Anomaly detection at the Dutch alliance on income data and taxes

The Dutch alliance on income data and taxes puts substantial effort into the analysis of data quality. As part of a research initiative in 2017 and 2018 several innovative products regarding anomaly detection have been developed. Anomalies are cases in a dataset that do not seem to conform to the normal pattern and for that reason may be of interest. The results of the conducted research are relevant for both practice and academia.

A proper analysis of the quality of the income (payroll) data is crucial. Many stakeholders use this data, amongst others for making decisions that affect both civilians and organizations. The importance of data quality can be expected to grow in the years to come, in part because many organizational processes will show higher degrees of automation.

For this reason the quality of the income data has drawn considerable attention. Many of these analyses are highly rule-driven, because laws and regulations regarding work and taxes offer a strong base for creating verification rules. However, it is also possible to use advanced analytics to approach the data quality issue in a totally different and strongly data-driven way. A clever algorithm can autonomously conduct an analysis of the dataset and detect patterns and deviations from these patterns. Such an approach might lead to surprising results for data stewards, since the algorithm will analyze the data in its own way and without strict and predefined rules. This allows for a serendipitous analysis and gaining unexpected insights.
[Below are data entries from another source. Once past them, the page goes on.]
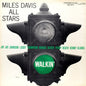 Miles Davis All Stars - Walkin'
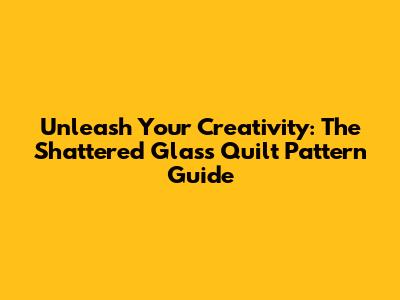 Unleash Your Creativity: The Shattered Glass Quilt Pattern Guide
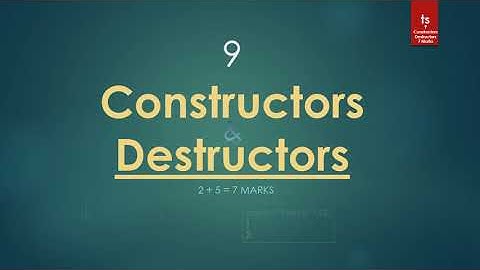 9, Constructors & Destructors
This is the essence of (unsupervised) anomaly detection, i.e. looking for strange and remarkable cases in a dataset. The detected anomalies are not necessarily erroneous or suspicious. They are deviations from the regular patterns. Such a data analysis can therefore help to obtain more knowledge of your dataset. Moreover, some of these anomalies will prove to be actual errors, indicative of real problems. Indeed, several of the deviations that were detected by the employed algorithm represented quality problems in the income data. As a result the software has now been improved in order to prevent these errors in the future. This will be explained in more detail below.

Typology of anomalies

One of the delivered results is the typology of anomalies. This conceptual framework offers a fundamental understanding of the different deviations that one can encounter in datasets. The typology is inspired by the processes of the alliance on income data and taxes, but, as a general-purpose tool, can be applied to all datasets.

In statistics and data science, anomalies are cases that are in some way awkward and do not appear to be part of the general patterns present in the dataset. Such cases are often also referred to as outliers, novelties or deviant observations. Anomalies may be of interest, as these cases may point to erroneous data entry, a malfunctioning process, fraud or crucial breaks in real world trends.

The typology defines six base types of anomalies. It provides a theoretical and tangible understanding of the anomaly types a data analyst may encounter. It also assists researchers with evaluating which types of anomalies can be detected by a given anomaly detection (AD) algorithm. Finally, as a framework it aids in analyzing, amongst others, the conceptual levels of data and anomalies.

The typology differentiates between the set’s ‘awkward cases’ by means of two very fundamental data-related dimensions:

The types of data: The data types of the attributes (i.e. variables) that are involved in the anomalous character of a deviant case. These attributes thus have to be handled appropriately during the analysis in order for the anomaly to be detected. The data types can be continuous (numeric, such as the attribute Height), categorical (code-based, such as City) or mixed (when you have both Height and City in your dataset).
The cardinality of relationship: How the various attributes relate to each other when describing anomalous behavior. These attributes are responsible for the deviant nature of the case. This can be univariate, which means the attributes are separately (individually) responsible for the deviant behavior, so the analysis can assume independence between the variables. The cardinality can also be multivariate, which means that the deviant behavior of the anomaly lies in the relationships between its variables, so these variables have to be analyzed jointly.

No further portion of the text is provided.